* Problem description *
Set down each line of the data below exactly as it stands, dropping the pictures.

[Captioned web images]
%%

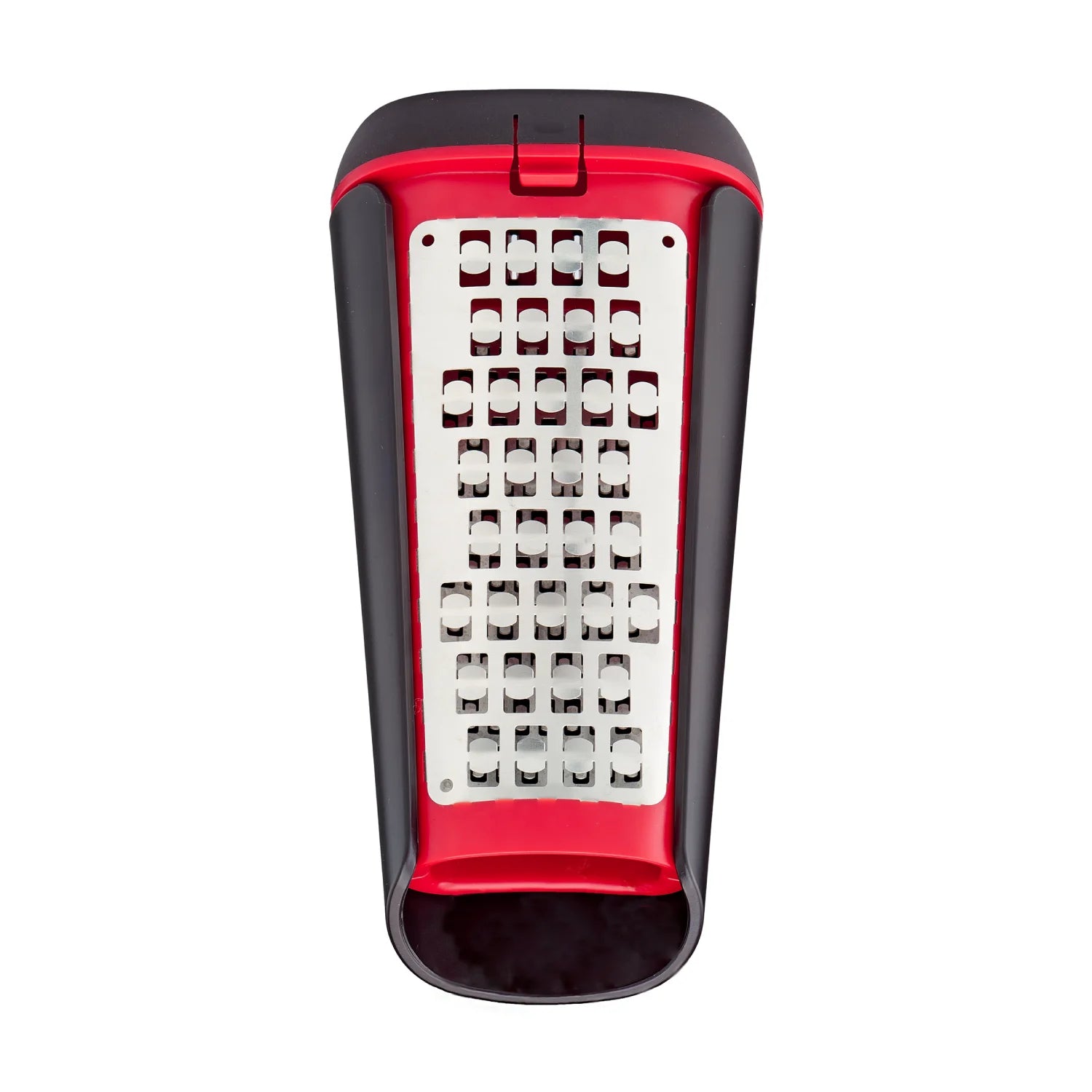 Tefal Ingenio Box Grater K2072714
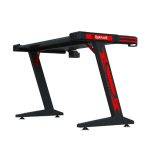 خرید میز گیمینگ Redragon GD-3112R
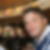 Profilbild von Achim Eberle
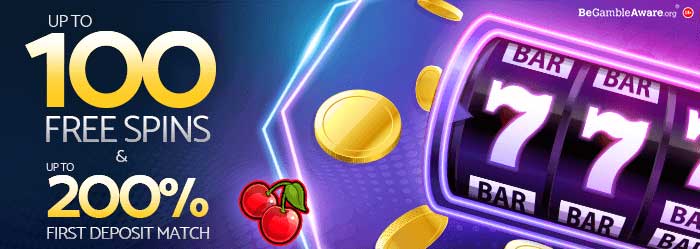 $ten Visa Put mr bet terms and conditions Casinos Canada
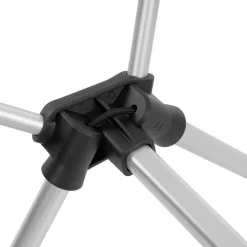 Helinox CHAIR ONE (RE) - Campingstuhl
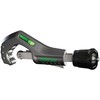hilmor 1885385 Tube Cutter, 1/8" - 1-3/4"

%%

* Written answer *
 Tefal Ingenio Box Grater K2072714
 خرید میز گیمینگ Redragon GD-3112R
 Profilbild von Achim Eberle
 $ten Visa Put mr bet terms and conditions Casinos Canada
 Helinox CHAIR ONE (RE) - Campingstuhl
hilmor 1885385 Tube Cutter, 1/8" - 1-3/4"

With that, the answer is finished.